ACTIVITY
The material below has pictures in it. Set down only the lines from the line containing "Comodini con Gambe" through the line containing "MS license plate NYM866", word for word, and leave the pictures behind.

AVAILABLE DATA

──────────────────────────────

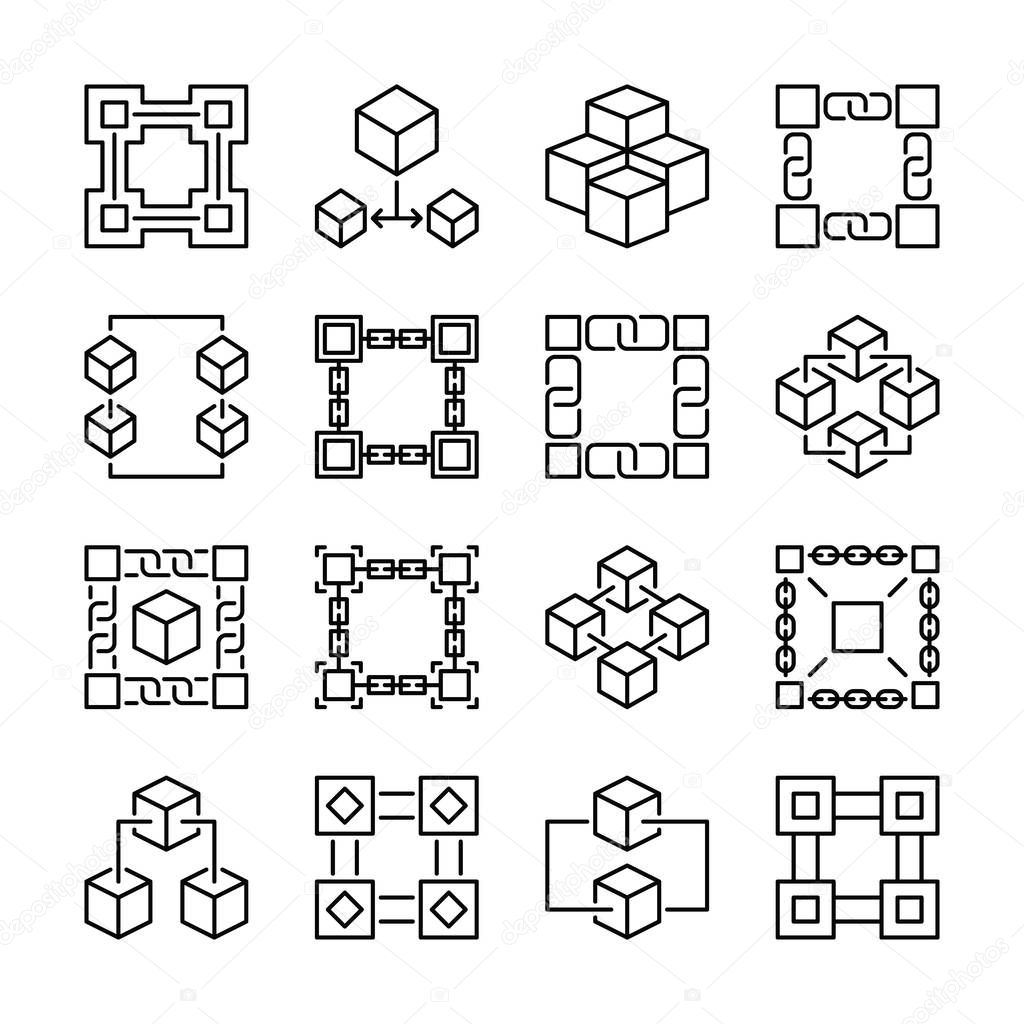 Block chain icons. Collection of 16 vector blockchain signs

──────────────────────────────

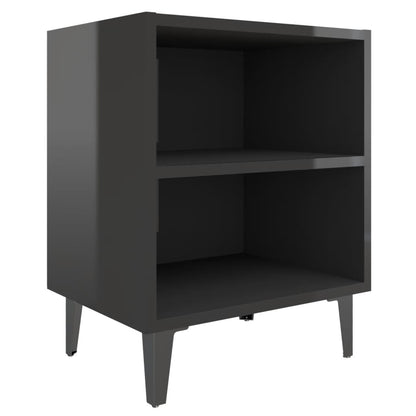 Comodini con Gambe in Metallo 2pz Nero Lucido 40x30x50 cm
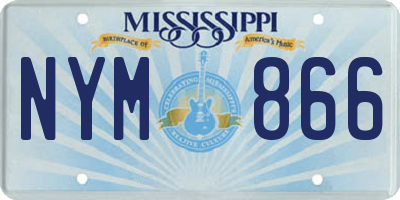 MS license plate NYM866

──────────────────────────────

TASK RESULT
 Comodini con Gambe in Metallo 2pz Nero Lucido 40x30x50 cm
 MS license plate NYM866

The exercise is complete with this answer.